#### PROMPT:
A copy of the listing below is needed, exact in every line and without images.

#### SUPPLIED DATA:
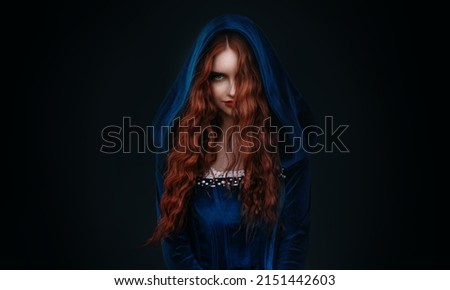 Portrait fantasy gothic red-haired woman witch. Vampire girl in blue medieval dress, vintage old historical style hood on head. Black background. Red lips, hair flying soar in wind. halloween costume Royalty-Free Stock Photo #2151442603
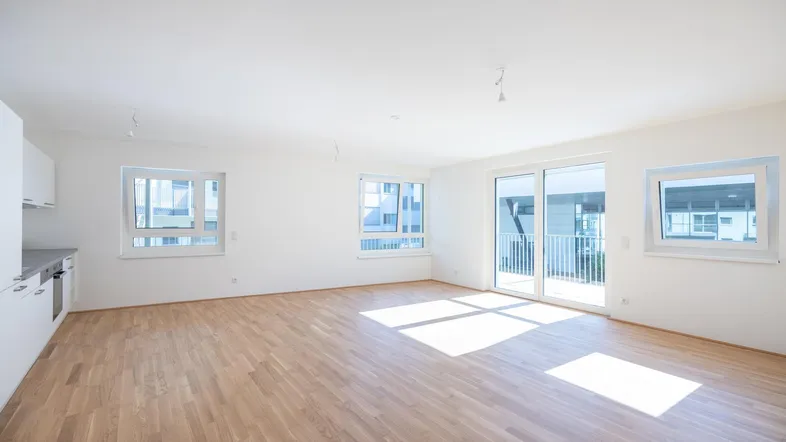 Heller, offener Wohn- und Essbereich mit Parkettboden und Zugang zum Balkon, bereit zur Einrichtung.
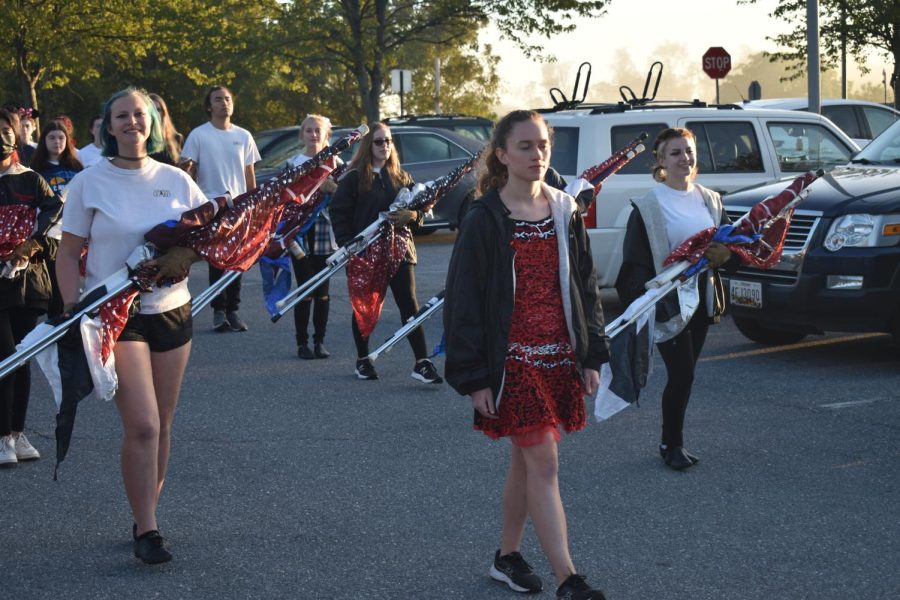 Emily Watson leads marching band towards the stadium, getting ready for the pep rally.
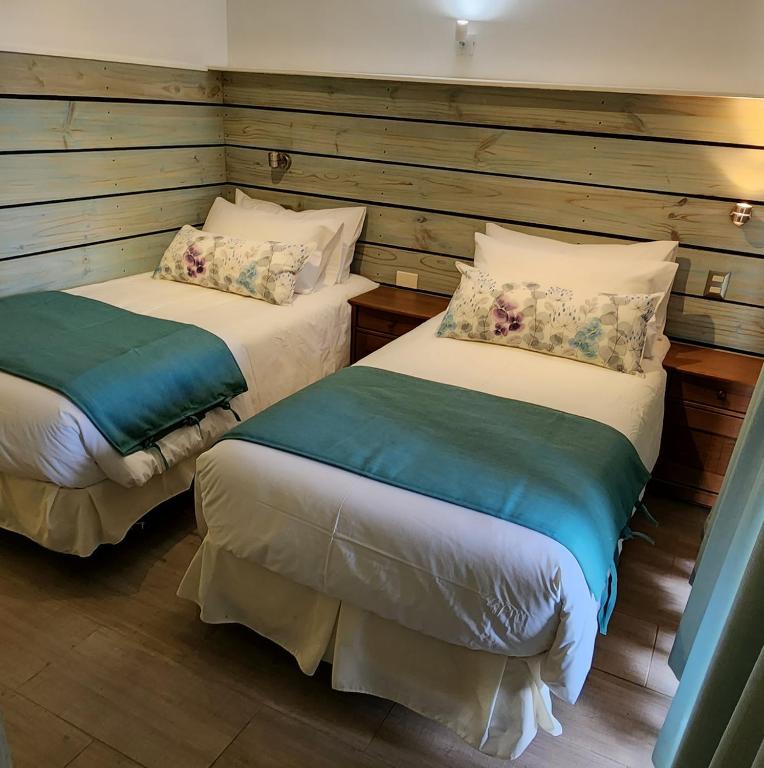 Postel nebo postele na pokoji v ubytování Apart Hotel Rapa Nui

#### OUTPUT FOR THIS EXERCISE:
 Portrait fantasy gothic red-haired woman witch. Vampire girl in blue medieval dress, vintage old historical style hood on head. Black background. Red lips, hair flying soar in wind. halloween costume Royalty-Free Stock Photo #2151442603
 Heller, offener Wohn- und Essbereich mit Parkettboden und Zugang zum Balkon, bereit zur Einrichtung.
 Emily Watson leads marching band towards the stadium, getting ready for the pep rally.
 Postel nebo postele na pokoji v ubytování Apart Hotel Rapa Nui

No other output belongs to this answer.